Escolhemos 7 álbuns para destacar esta semana e que merecem uma escuta muito atenta.

Tickles, Sugar & Plastic Plates (Stolen Body Records)

Começamos por um álbum editado na semana passada. Os Tickles são uma banda de Nantes (França) que tem dado cartas na cena punk. Já comparados aos Idles, os franceses estreiam-se com este Sugar & Plastic Plates, um disco onde o psicadelismo, art-pop e desarranjo voluntário convivem alegremente. Esta banda constrói um universo próprio, meio cartoon, meio catarse, onde a fantasia serve de combustível para um hedonismo desgovernado. Enorme estreia.


Ricardo Reis Soares, contra tempo EP

Também da semana passada (e foram só estes dois discos que trazemos para o destaque), o EP contra tempo, de Ricardo Reis Soares, marca o momento em que ele deixa de caminhar ao ritmo do mundo para começar a marcá-lo ele próprio. Depois de anos a mover-se entre a composição, a produção e colaborações dispersas, o músico português apresenta um conjunto de canções que funcionam como uma pequena autobiografia emocional, onde o tempo (o que falta, o que sobra e o que escapa) se transforma em matéria sonora.

Ronnie D’Addario, Written By (Omnivore Recordings)

Written By apresenta o subestimado cancioneiro de Ronnie D’Addario através de uma seleção de temas reimaginados pelos filhos, Brian e Michael, os Lemon Twigs, com a colaboração de Mac DeMarco, Todd Rundgren, Sean Lennon e Matt Jardine. Do pop orquestral de “Be Like Him” ao power-pop de “5th of July” e “Not Today”, o álbum mostra a versatilidade e o talento de D’Addario, ao mesmo tempo que evidencia a influência do seu estilo nas composições dos Lemon Twigs.

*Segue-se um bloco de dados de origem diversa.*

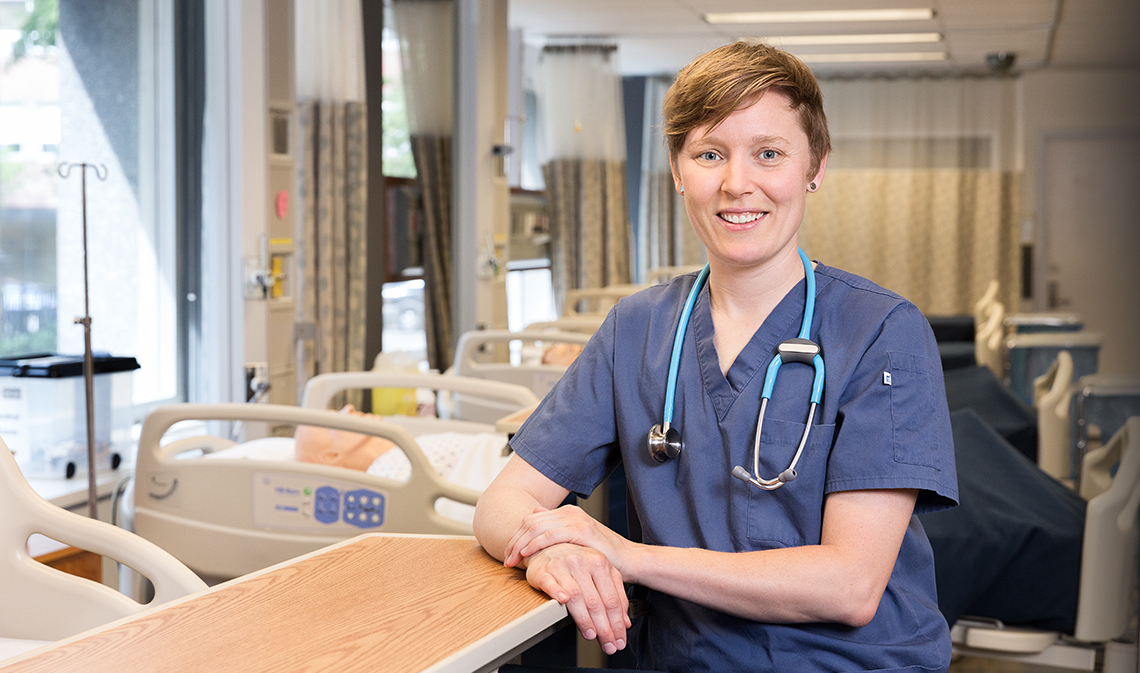 A nurse stands in front of a row of beds at the nursing simulation lab.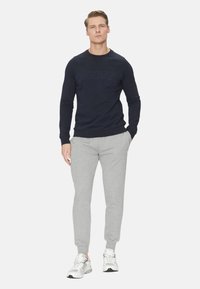 Felpa blu navy con logo "GUESS" in rilievo, abbinata a pantaloni jogger grigio chiaro. Il modello indossa sneakers bianche. Stile casual semplice e sportivo.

Um tributo afectuoso e uma introdução perfeita ao seu trabalho.

Melody’s Echo Chamber, Unclouded (Domino)

Unclouded soa como um reencontro luminoso entre Melody Prochet e a sua própria mitologia, um regresso sereno depois de anos marcados por silêncio. O disco abandona o psicadelismo mais turbulento do passado para abraçar uma clareza quase onírica com melodias que parecem nascer da água, arranjos que respiram e uma voz que já não foge da vulnerabilidade.

V.A., Passages: Artists in Solidarity With Immigrants, Refugees, and Asylum Seekers

Passages reúne uma constelação de artistas que respondem, com música, a um dos maiores dramas humanitários do nosso tempo. Não é uma compilação pensada para soar homogénea, mas um mosaico de vozes, geografias e sensibilidades que convergem num gesto comum: dar visibilidade, dignidade e apoio às vidas marcadas pela migração forçada. Cada faixa funciona como um pequeno testemunho onde a electrónica, a folk, o experimentalismo e a canção se cruzam para evocar travessias, fronteiras e pertenças em trânsito.

Tom Smith – There Is Nothing In The Dark That Isn’t There In The Light (PIAS Records)

Tom Smith, a voz dos Editors, regressa com um disco que parece escrito a partir de um limiar entre o medo e a revelação, mas sempre com a serenidade de quem sabe que a escuridão não é mais do que outra forma de ver. There Is Nothing In The Dark That Isn’t There In The Light expande essa ideia com canções que avançam devagar, quase a respirar, carregadas de piano íntimo, arranjos mínimos e uma voz que nunca força o drama, antes o ilumina por dentro.

Nick Cave & The Bad Seeds, Live God (PIAS Records)

Live God captura Nick Cave & The Bad Seeds naquele estado febril e quase místico onde o palco se torna um púlpito e a música uma espécie de liturgia turbulenta. É um documento cru, fervoroso, que cristaliza a intensidade ritual das atuações recentes da banda — Cave a derramar-se em exorcismos poéticos, a banda a responder com uma precisão que parece violência contida, ora minimalista e fantasmática, ora explosiva como se rasgasse o chão.